La primera Juanita que conocí, en 2012, era bella, alta y esbelta; tenía la piel tostada y lucía melena azabache hasta la cintura. Yo impartía un taller de comunicación feminista y Juanita era una de las participantes que más se divertían; le gustaba ruborizarme en los descansos con sus desinhibidas pláticas sexuales. La Juanita era, y sigue siendo, una chica extrovertida, tranquila, a ratos algo escandalosa y teatrera. Si me leyera, gritaría con su latiguillo: “¡No, niiiiiiñaaaa!, ¡qué valoooor!”.

Esa primera Juanita utilizaba mucha base de maquillaje para ocultar la sombra de la barba, lápiz de ojos y sombra oscura para resaltar su mirada, a juego con unas uñas largas pintadas de negro. Vestía camisetas ajustadas y shorts para presumir de piernas largas y finas. O camisolas largas con leggins. Completaba su look con sandalias y aretes grandes. Aunque llevase unos tejanos y una camiseta corriente con algún mensaje reivindicativo, siempre se veía arreglada y bonita.

Era una de las trans más activas y carismáticas de Nicaragua hasta que, tres años después, decidió cortarse la cabellera. En seguida corrió el rumor: “La Juanita vuelve a ser Juan Carlos”. En realidad, la Juanita sigue siendo Juanita: bella, alta, esbelta, extrovertida, tranquila, a ratos algo escandalosa y teatrera. Ahora su físico —pelo corto engominado, barbita perfilada, camisa vaquera— cuadra con su nombre oficial, Juan Carlos Urbina. Solo cambió de aspecto, pero eso lo cambia todo.

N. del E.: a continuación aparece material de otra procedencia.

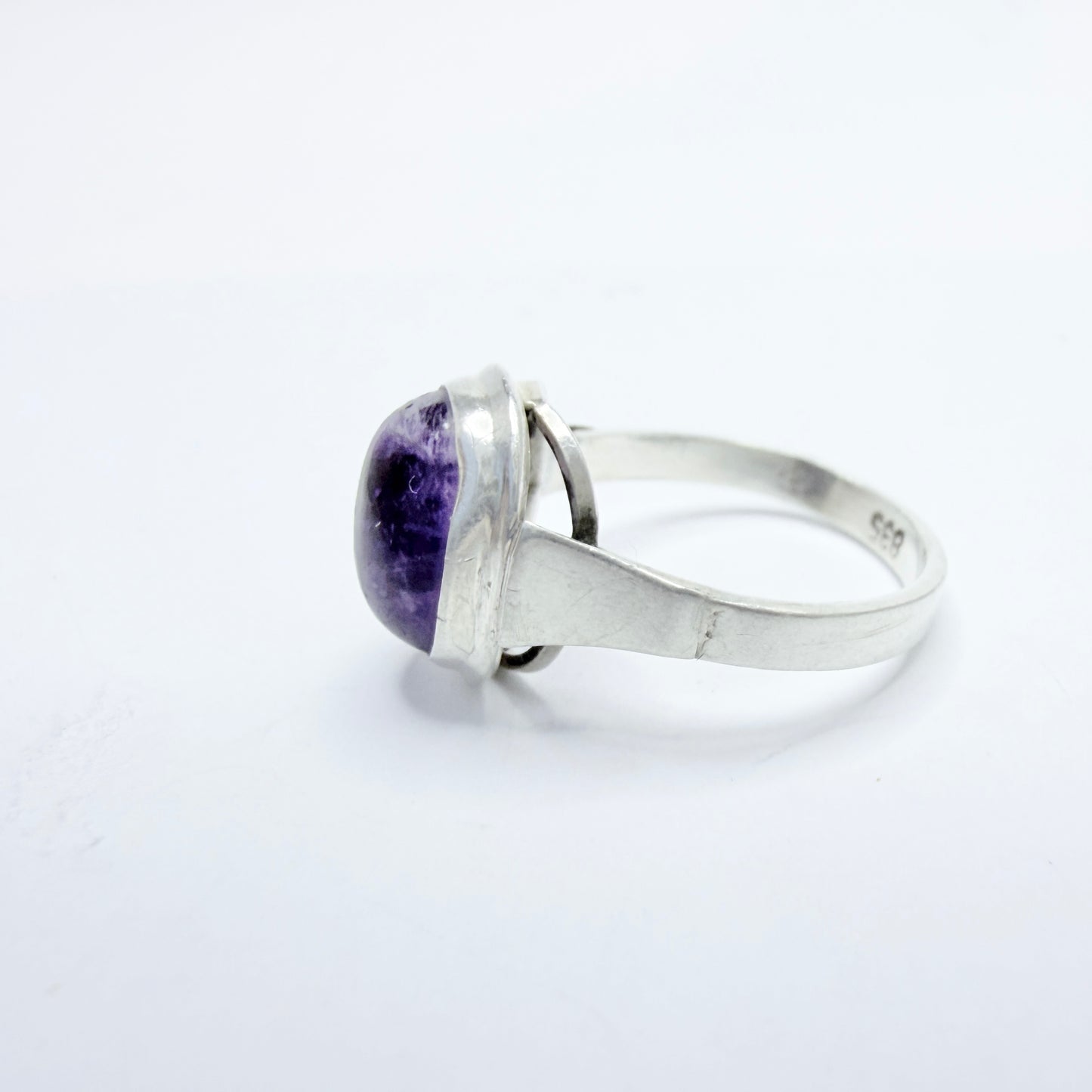 Vintage ca 1960. Solid Silver Amethyst Ring.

“El acoso de los machos era insoportable. Me sentía muy expuesta, muy vulnerable. Cuando entré al salón [de belleza], qué clase de vulgareo la de los hombres que estaban a la entrada. Cuando salí, ya con el pelo cortito, ni me miraron”. Dejó de maquillarse y de afeitarse la barba. Pocos meses después me mandó fotos por Facebook de un apuesto joven vistiendo camisa, cinturón, jeans y zapatos de vestir. “Así ando ahora”.

Juanita dice que esto de la masculinidad es algo temporal, dice que bueno, no sabe. Por ahora es un refugio.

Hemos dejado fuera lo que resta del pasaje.